* EXERCISE DETAILS *
Once the line containing "Maximm Cable 1" appears, output it and each remaining line of the records below exactly, with no pictures and nothing more.

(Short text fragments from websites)
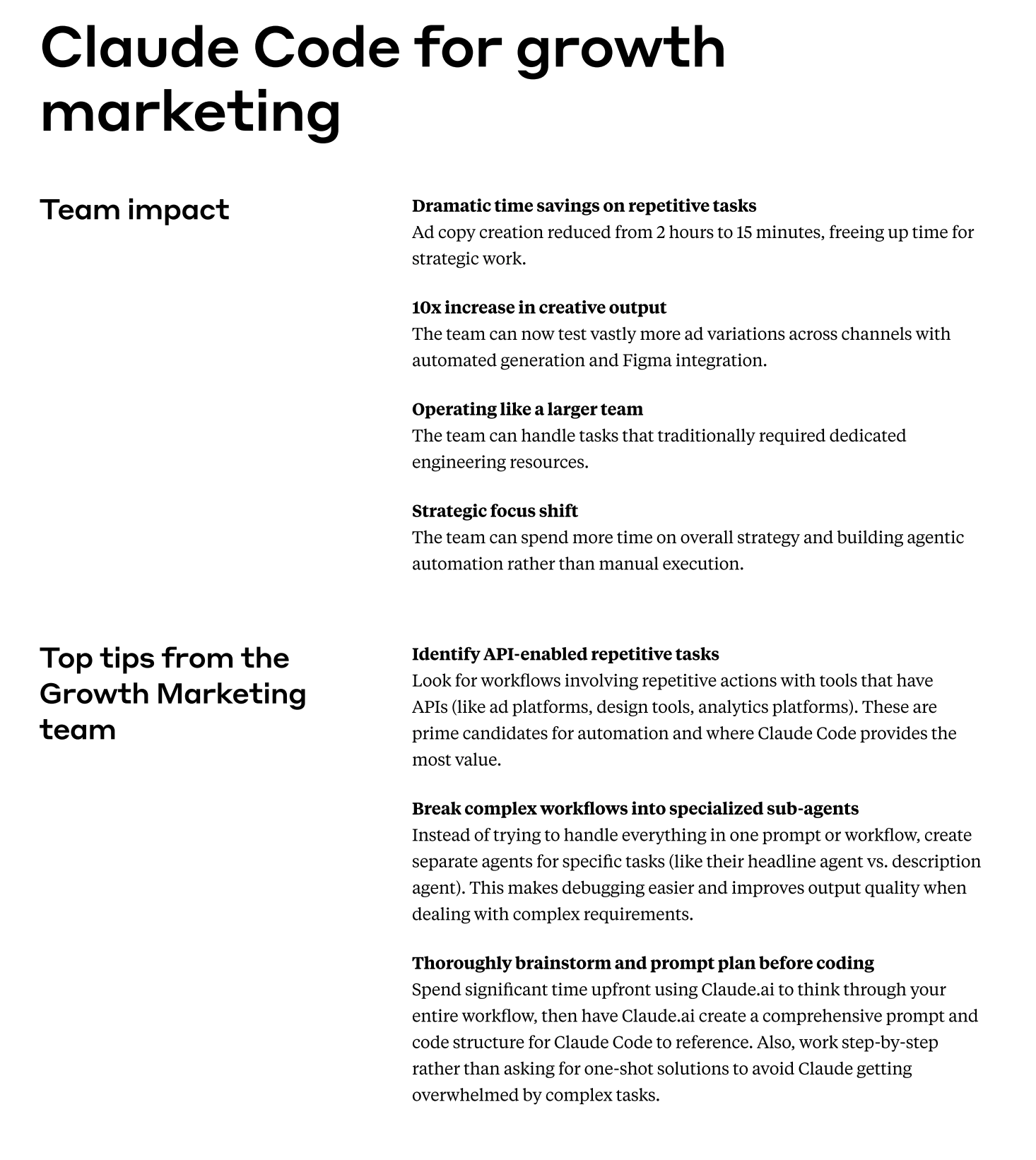 Claude Code for growth marketing - team impact and tips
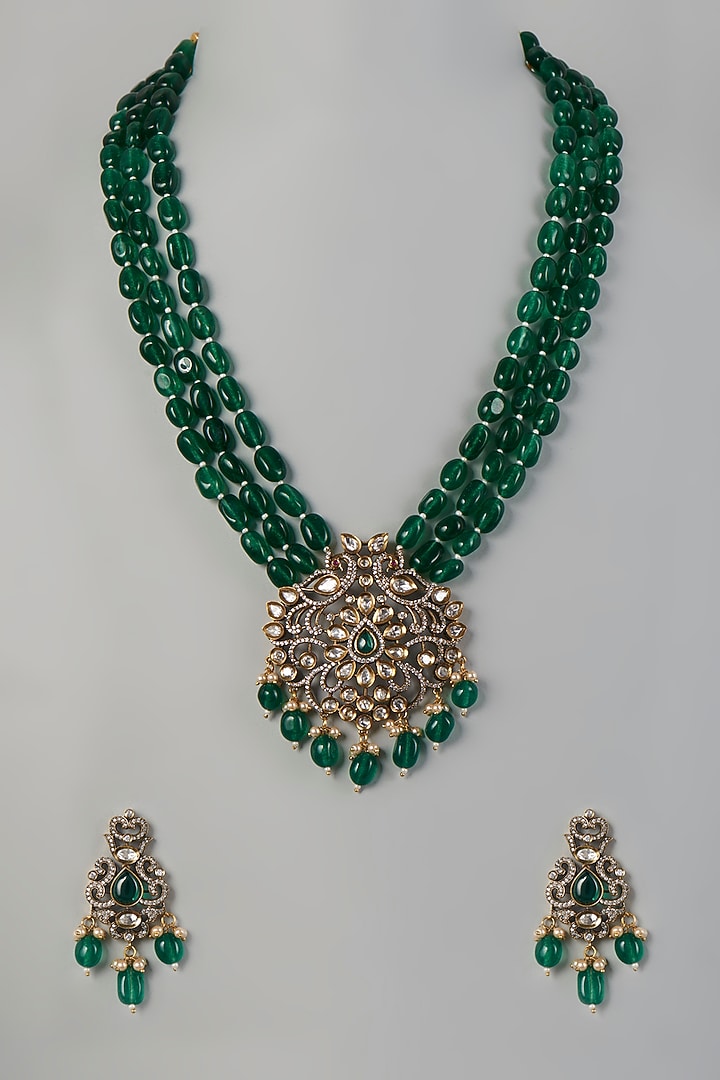 Two Tone Finish Green Stone & Pearl Long Necklace Set by VASTRAA Jewellery at Pernia's Pop Up Shop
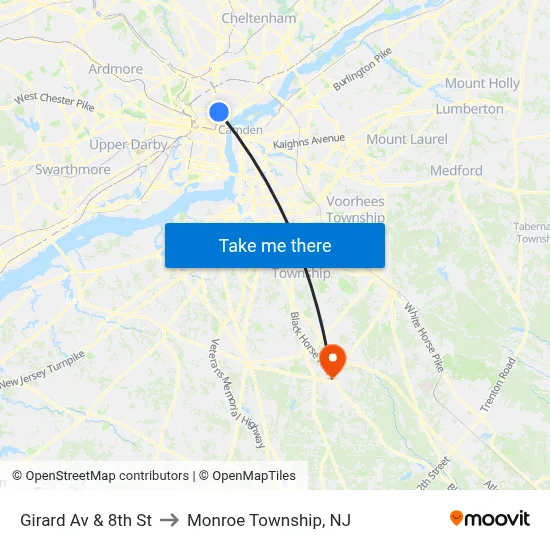 Girard Av & 8th St to Monroe Township, NJ map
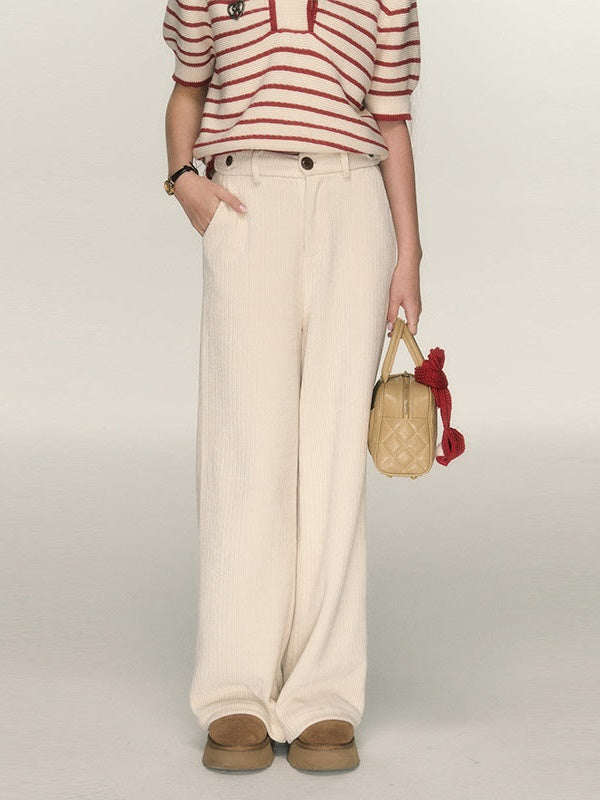 High Waist Corduroy Taste Straight Casual Pants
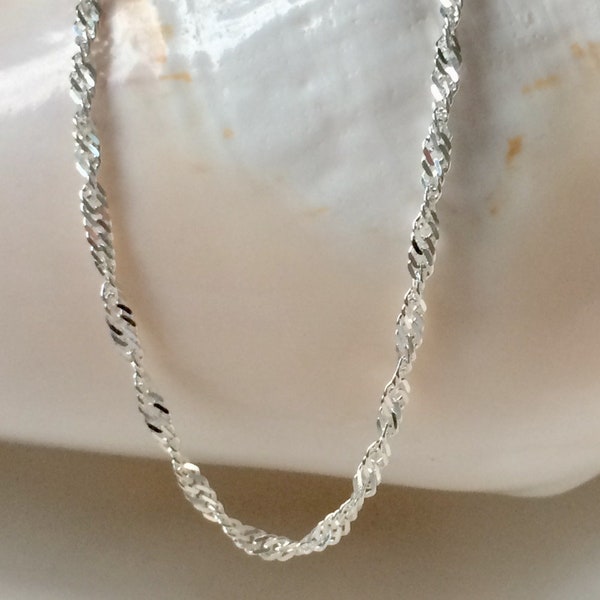 Sparkling Fancy Twist Necklace, 925 Sterling Silver Necklace Twisted Chain, UK Handmade Gift for Women, Custom Sizes, Gift Boxed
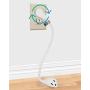 Maximm Cable 1 Foot 360° Rotating Flat Plug Extension Cord / Wire, 3 Prong Grounded Wire 16 Awg Power Cord - 3 Pack - White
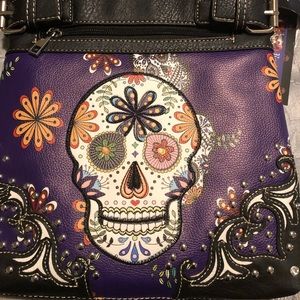 Purple sugar skull cross body purse conceal carry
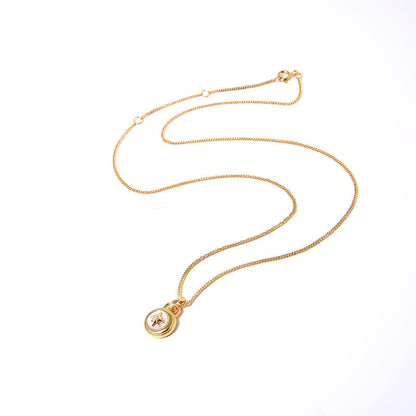 Clytia Love Moon And Stars Necklace，925 Silver, 18k Gold Plated，White Mother-Of-Pearl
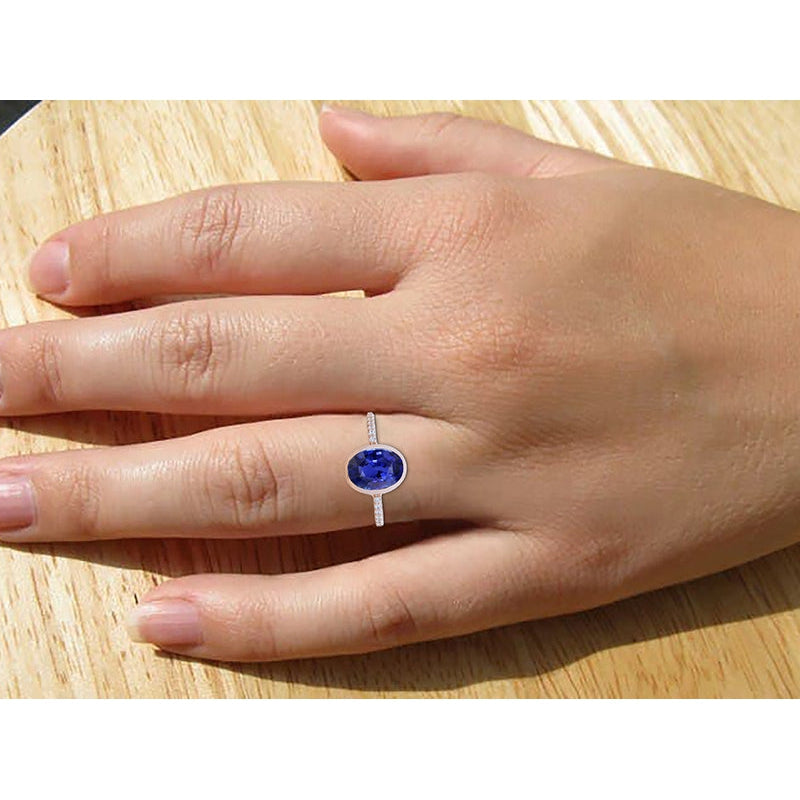 Blauer Saphir-Solitärring-Lünette mit Diamanten Gold 3,50 Karat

* RESULT BELOW *
 Maximm Cable 1 Foot 360° Rotating Flat Plug Extension Cord / Wire, 3 Prong Grounded Wire 16 Awg Power Cord - 3 Pack - White
 Purple sugar skull cross body purse conceal carry
 Clytia Love Moon And Stars Necklace，925 Silver, 18k Gold Plated，White Mother-Of-Pearl
 Blauer Saphir-Solitärring-Lünette mit Diamanten Gold 3,50 Karat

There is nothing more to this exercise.